Friday, 18 March 2011

Johann Hari – Reliably Wrong About Everything

Gosh, where to start?
The same predictions are made about every disaster – that once the lid of a tightly policed civilization is knocked off for a second, humans will become beasts. But the opposite is the case.
Really?
When the social scientist Enrico Quarantelli tried to write a thesis on how people descend into chaos and panic after disasters, he concluded: "My God! I can't find any instances of it." On the contrary, he wrote, in disasters "the social order does not break down... Co-operative rather than selfish behaviour predominates". The Blitz Spirit wasn't unique to London: it is universal.
It’s a myth that there was no looting in the Blitz. You do know that, don’t you, Hari?

You have done some research, haven’t you?
From this disaster, we can learn something fundamental about our species. It should guide how the Japanese authorities behave today – and kill off right-wing ideologies based on the belief that humans are inherently selfish tomorrow.
Right-wing ideologies?

I thought it was the left that believed in the need for a huge State apparatus to ensure that no sparrow fell without the benevolent hands of someone else’s money cushioning its fall?
Remember the gangs "marauding" through New Orleans, raping and even cannibalising people in the Super-Dome after Hurricane Katrina?
I remember the reports, yes.
It turns out they didn't exist. Years of journalistic investigations showed them to be racist rumours with no factual basis.
But not from right-wing journalists, eh, Hari? You do remember it was some left-wing race-hustling lunatic in the ‘Huffington Post’, don’t you?
Yes, there was some "looting" – which consisted of starving people breaking into closed and abandoned shops for food.
Oh, right. Like these guys. Maybe all the fishing rods were so they could catch their own food, eh Johann?

And obviously, these residential houses were cunningly disguised food warehouses, rather than places filled with electrical goods and personal belongings?
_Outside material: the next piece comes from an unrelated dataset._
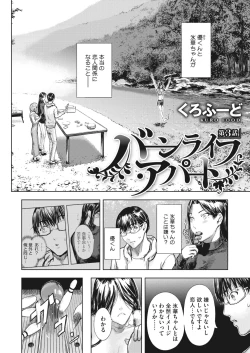 Page 99 of COMIC HOTMiLK Koime Vol. 41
Still, you can always count on Hari to push his new-found ecolunacy whenever he gets the chance:
This is likely to be a century of ecological disasters, since each year we destabilize our climate more, in the face of plain scientific warnings.
So called ‘climate change’ isn’t causing tsunamis, you idiot.
Normally, in northern Japan, the night sky is blocked out by the yellow-orange haze of light pollution. Tonight, huddled together, the people there can see the stars.
Oh. Wow. Talk about a silver lining. There’s not really much one can add to that last, is there?

Wait. Yes there is. People have died in their thousands, and you’re happy that the survivors can see the stars without light pollution?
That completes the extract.